What is likely to happen with the current furlough scheme?
As things stand, the furlough scheme ends on 31 October. But it’s worth remembering that (often very welcome) U-turns have arguably characterised the government’s response to Covid-19.
There is currently no job subsidy scheme to replace furlough, although the £2bn Kickstart scheme announced earlier this year will cover the costs to employers of offering six-month work placements for young people aged 16-24 on universal credit who are at particular risk of long-term unemployment.
Chancellor Rishi Sunak is sticking to his guns, for now. In a statement today, he said: “This is a difficult time for many as the pandemic continues to have a profound impact on people's jobs and livelihoods. That's why protecting jobs and helping people back into work continues to be my number one priority.

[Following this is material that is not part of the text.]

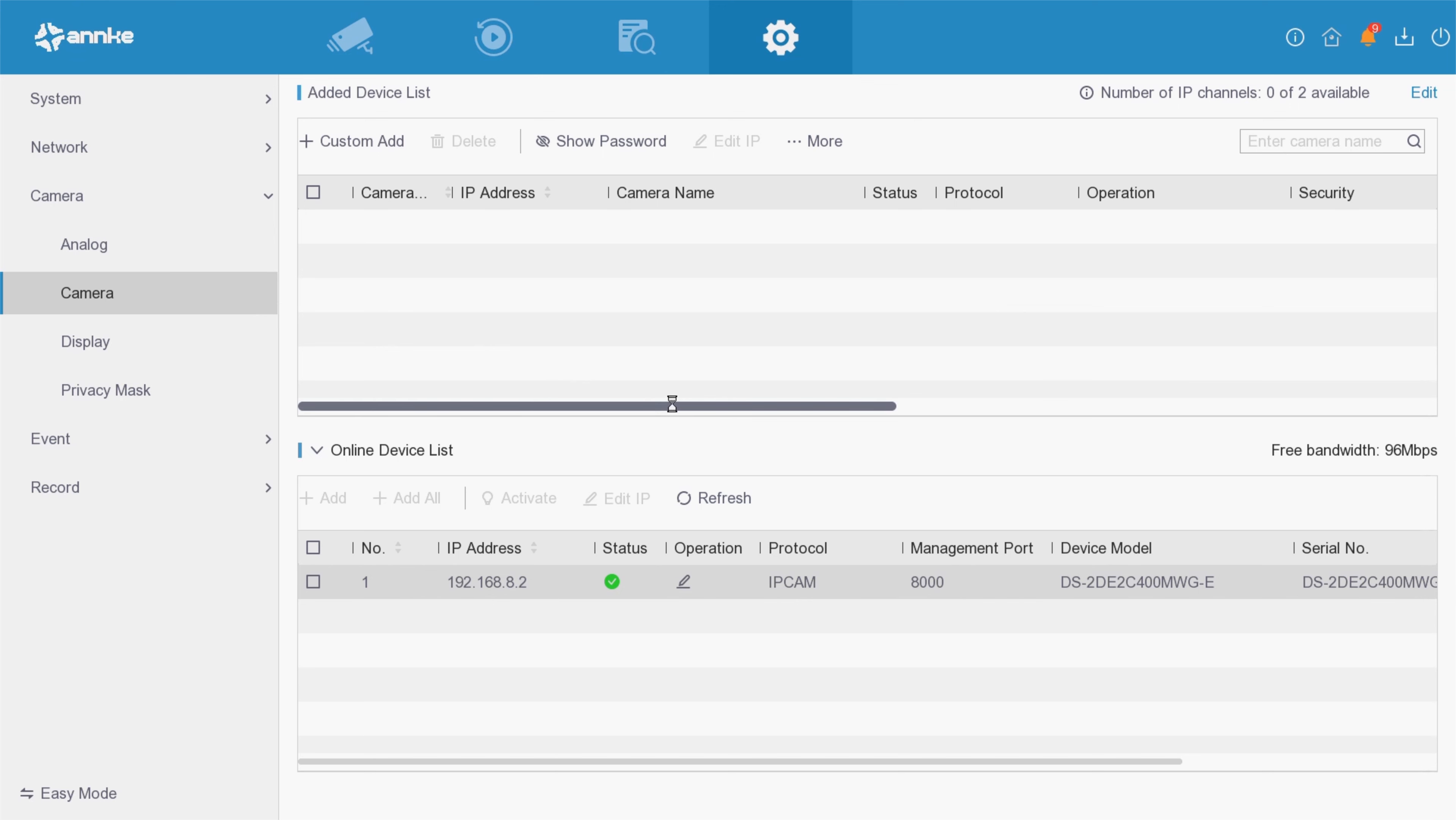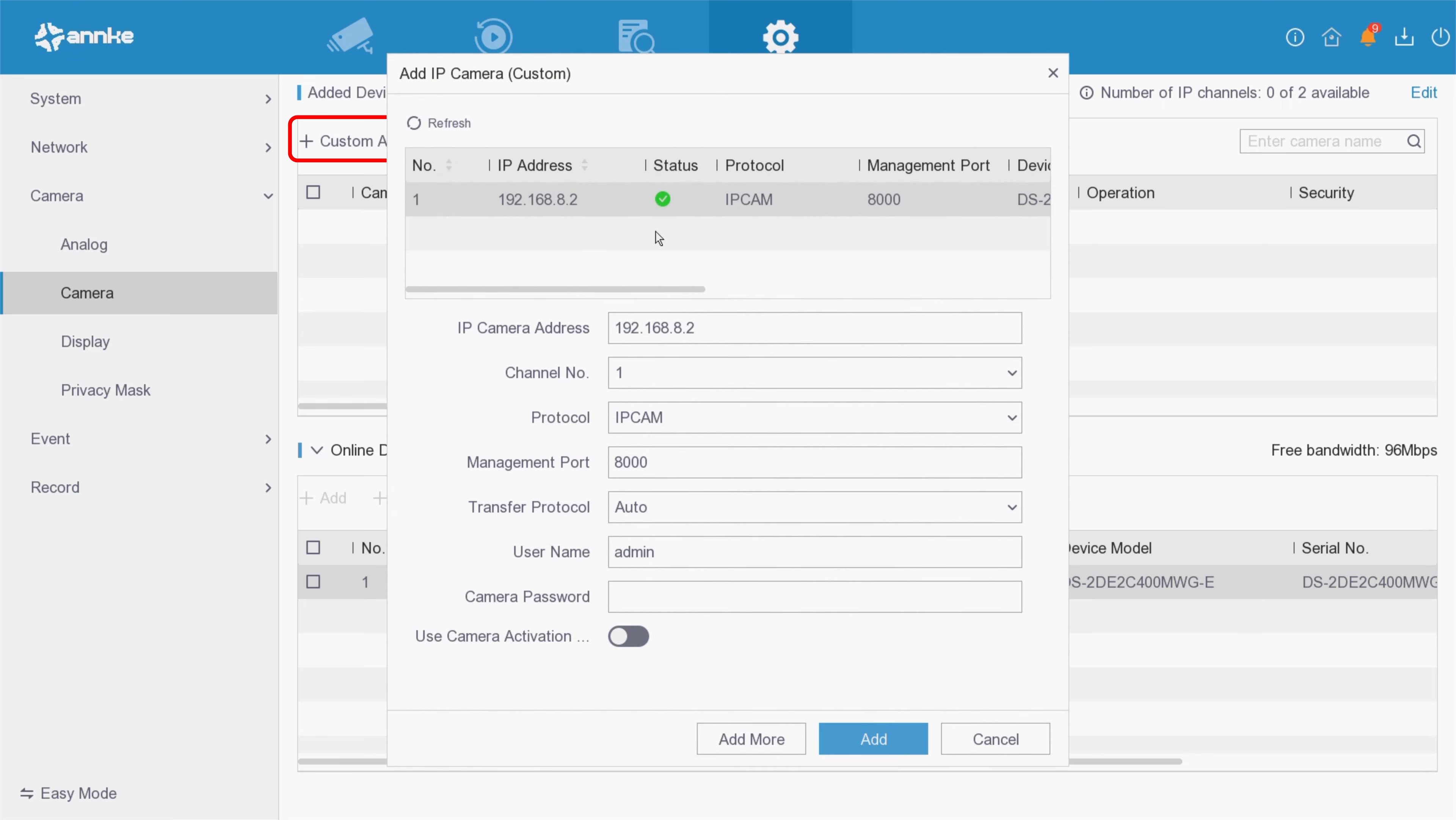As we can see, we have one camera showing on a green status. Click custom add and select the device to be added.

“We've taken decisive action throughout this crisis, introducing the furlough scheme and outlining a comprehensive plan for jobs to support, protect and create opportunities. And we'll continue to do that through the autumn, including by supporting people back to work through policies such as our job retention bonus worth up to £9bn."
Whatever happens next, companies are “desperate for some certainty around what will happen after the 31 October, whether or not that involves extending the furlough scheme”, according to Jeanette Wheeler, HR director at MHR. “An assistance programme of some variety is required to give companies the time to build their business and get back on their feet, as opposed to closing them completely and making mass redundancies, which currently many may feel is their only option,” she says.
And Dan Tomlinson, senior economist at the Resolution Foundation, says: “With official projections from the Bank of England and the OBR suggesting a post-furlough unemployment rise of between one and two million, that scale should surely prompt the government to extend support after October over and above its current policy of a job retention bonus.
“Whatever policy support is ultimately agreed, the key is for it to focus on the hardest-hit sectors, such as firms in the hospitality, arts and leisure sectors, which continue to be hampered by ongoing public health guidance.”
However, Fudia Smartt, partner at Spencer West, predicts mass redundancies could still be on the cards for autumn unless government decides to fund 80 per cent of furloughed employees’ wages again: “I suspect that even if they do extend it a lot of employers will press ahead with redundancies because unless the government is going to cover the bulk of it like they did initially, many businesses are still saying they can't afford the 20 per cent plus pension and NI and holiday pay, particularly if they’ve got no work for their people to do, or very little work.”
How might HR teams avoid job losses otherwise?
Cuts to pay and bonuses, as well as temporary layoffs and reducing working hours, are among the measures that HR teams have been taking to help stave off redundancies, according to the CIPD’s Labour Market Outlook for summer 2020. Four in 10 (38 per cent) employers have introduced new or more flexible working arrangements, while half (54 per cent) have made temporary layoffs. And one in four (23 per cent) have introduced short-time working.
“Short-time working initiatives can be a very effective temporary measure to maintain employment where redundancies would otherwise have taken place,” says Davies. “It should be one of the many tactics used by employers to avoid or minimise redundancies.”
Smartt says: “The usual employment rules apply – they will need to get the agreement of employees.” But, in the current climate, securing the agreement of employees might not be too difficult “because any job is better than no job”, she adds.